Personal information
- Native name: 鹿戸雄一
- Born: May 23, 1962 (age 64) Hokkaido, Japan

Horse racing career
- Sport: Horse racing

Significant horses
- Screen Hero, Efforia, Win Carnelian

= Yūichi Shikato =

Japanese racehorse trainer

Yūichi Shikato (鹿戸雄一) is retired jockey andJapanese racehorse trainer.

== Biography ==
Shikato was born to father Tadao, a farm worker in the Hidaka area of Hokkaido, and mother Toshiko in May 1962. Having grown up in and around horses, with his distant relatives including Yukiharu Shikato, another jockey, and Akira Shikato, known for jockeying Ten Point, his desire to also becoming a jockey grew.

Shikato debuted in March 1984. He was originally slated to debut on a maiden race on March 3, but after the horse he was supposed to ride was scratched, his debut was pushed back a day to a maiden race held on March 4 at Nakayama Racecourse.

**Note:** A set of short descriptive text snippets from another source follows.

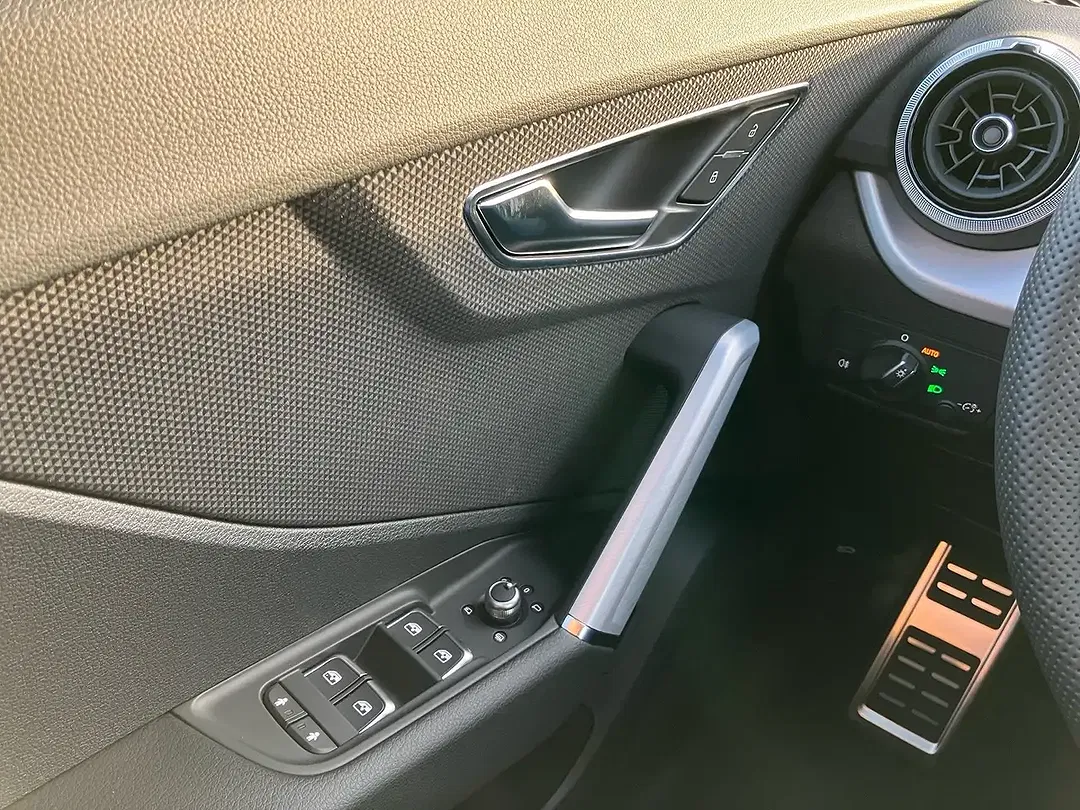 Audi Q2 35 TFSI S tronic S line - foto 14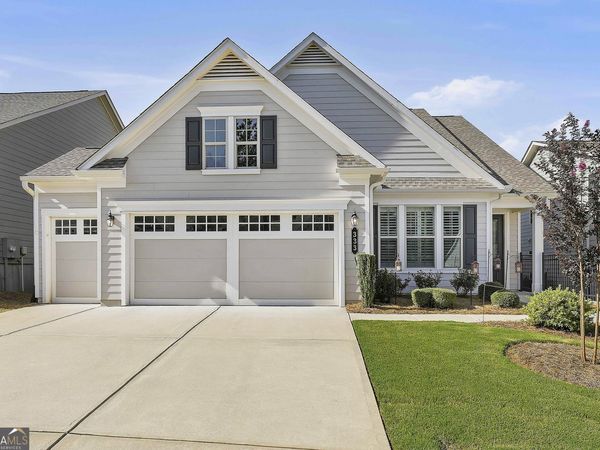 333 Cottonwood Circle, Peachtree City, GA 30269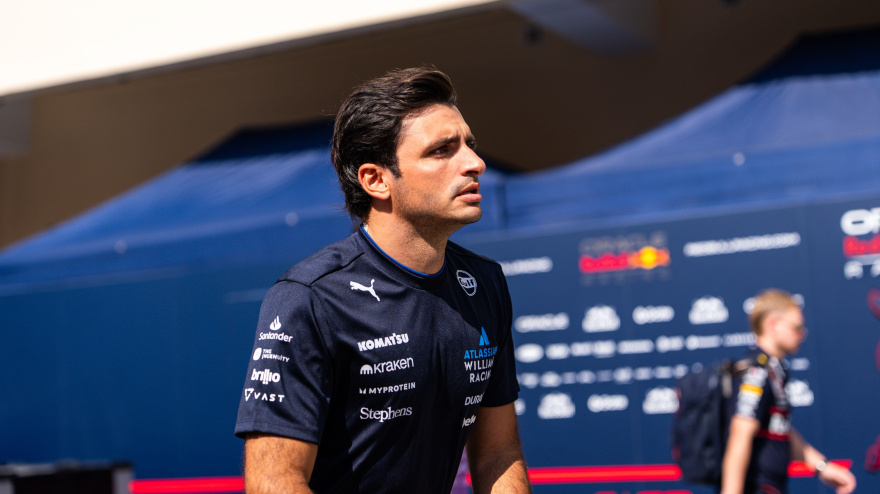 El piloto español Carlos Sainz, del equipo Atlassian Williams Racing F1, en el paddock del Gran Premio de Fórmula 1 de Abu Dabi 2025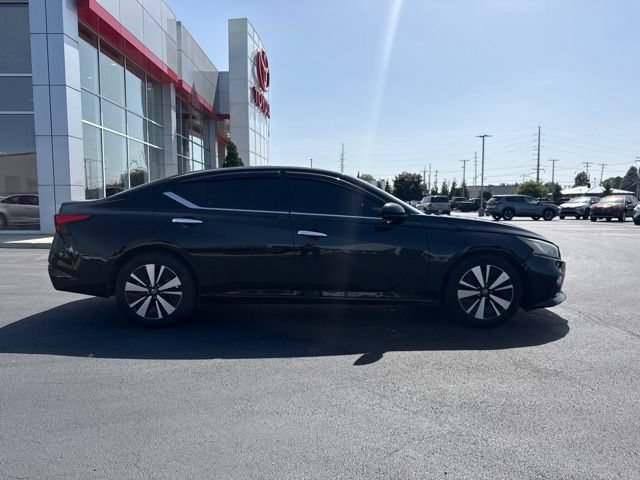 Used 2020 Nissan Altima 2.5 SL FWD image 8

Shikato would be win his first graded race in 1991 when he won the Tamatsubaki Kinen with Yodono Chikara.

Shikato started to struggle with his weight in the 2000s, and started to consider changing to become a horse trainer, when Kazuo Fujisawa invited to teach him the basics, and was also invited to travel to the United Kingdom with Zenno Rob Roy, who ran the International Stakes in 2005.

In 2007, Shikato earned his trainer license and retired from being a jockey.

Shikato opened his stable the following year, and that same year he won his first graded race and Grade I race with Screen Hero, a horse Shikato inherited from Susumu Yano's stable, who won both the Copa Republica Argentina and Japan Cup that year.

On September 28, 2025, Win Carnelian won the Sprinters Stakes, marking the first Grade I victory for both the horse and jockey Kosei Miura.

== Major wins ==
- Arima Kinen - Efforia (2021)
- Japan Cup - Screen Hero (2008)
- Satsuki Shō - Efforia (2021)
- Sprinters Stakes - Win Carnelian (2025)
- Tennō Shō (Autumn) - Efforia (2021)

== Personal life ==
Shikato's daughter is a tarento who is married to Kiwamu Ogino, a JRA jockey.